#### Task inputs ####

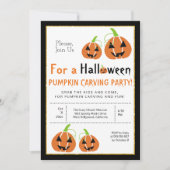 Invitation Fête de l'Halloween de la sculpture citrouille (Devant)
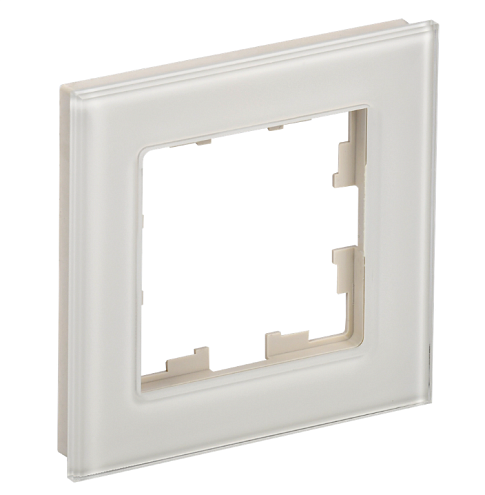 Рамка 1 -местная BRITE РУ-1-2-БрВа стекло ванильный IEK BR-M12-G-K10: фотография 1
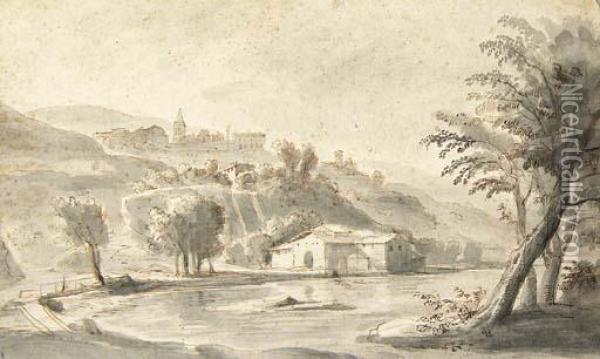 An Italian Village On A Hill Seen From A River Bank Oil Painting - (circle of) Wittel, Gaspar van (Vanvitelli)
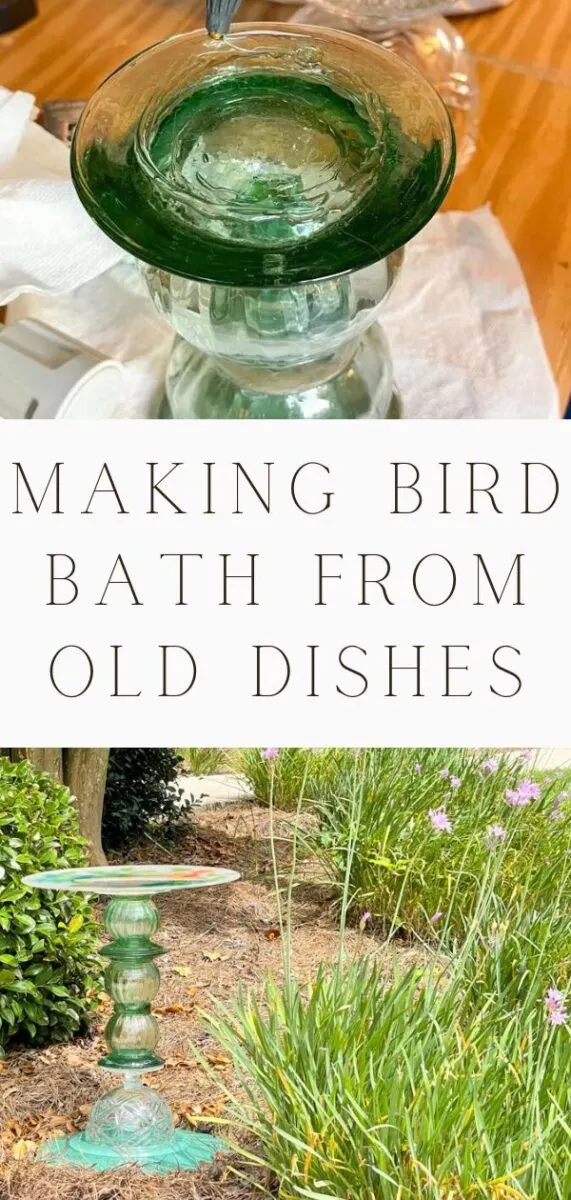 making bird bath from old dishes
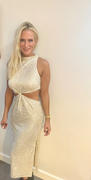 Pretty Lavish Isidora Twist Knot Sequin Midaxi Dress - Silver Review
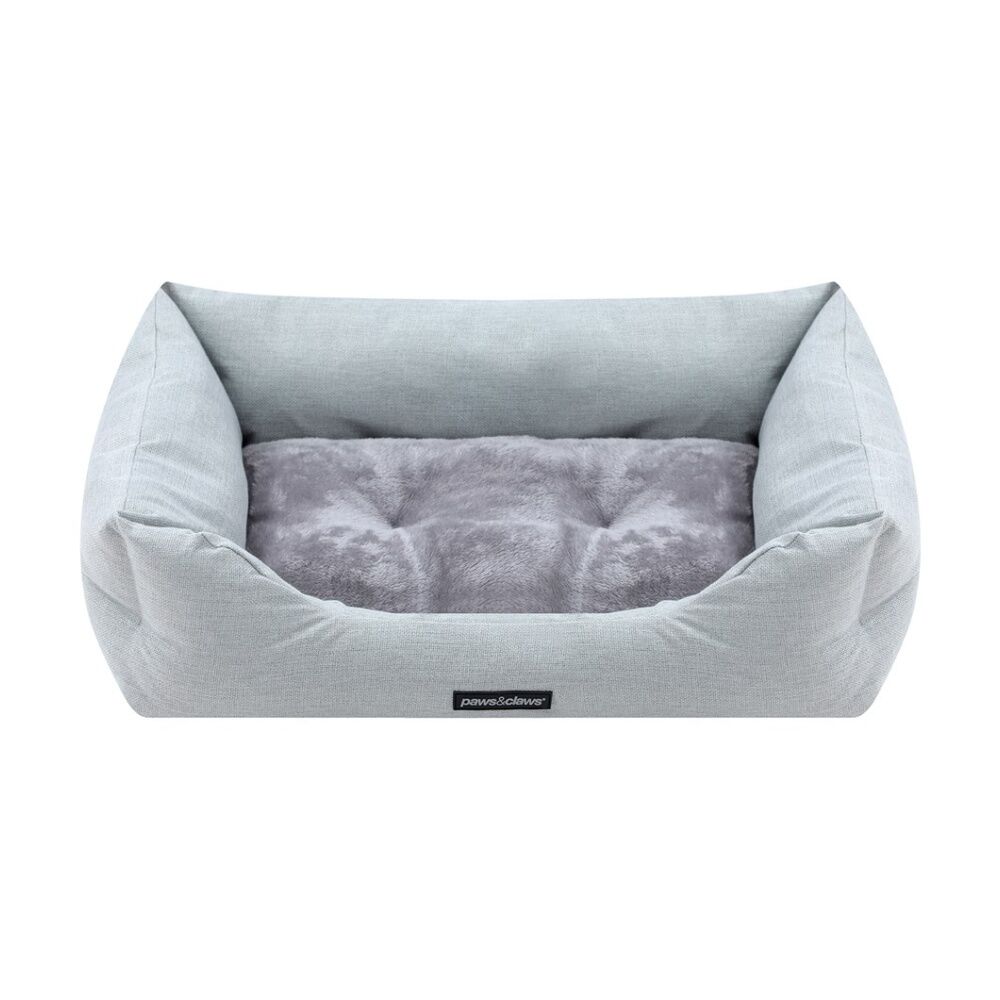 Paws and Claws Walled Pet Bed Medium 70x50x21cm High Walls Light Grey — image 2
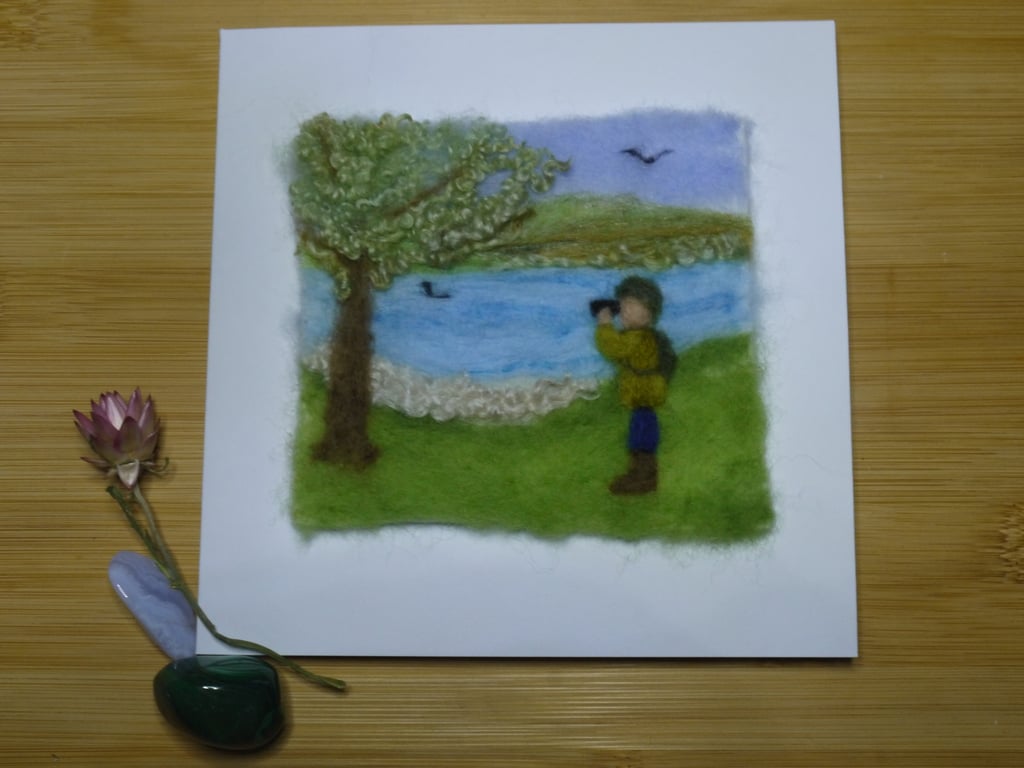 Handmade needle felted Birdwatching greetings card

####

▶ What the task requires:
The answer is a faithful copy of the records above, with the pictures removed.

▶ Exercise answer:
 Invitation Fête de l'Halloween de la sculpture citrouille (Devant)
 Рамка 1 -местная BRITE РУ-1-2-БрВа стекло ванильный IEK BR-M12-G-K10: фотография 1
 An Italian Village On A Hill Seen From A River Bank Oil Painting - (circle of) Wittel, Gaspar van (Vanvitelli)
 making bird bath from old dishes
 Pretty Lavish Isidora Twist Knot Sequin Midaxi Dress - Silver Review
 Paws and Claws Walled Pet Bed Medium 70x50x21cm High Walls Light Grey — image 2
 Handmade needle felted Birdwatching greetings card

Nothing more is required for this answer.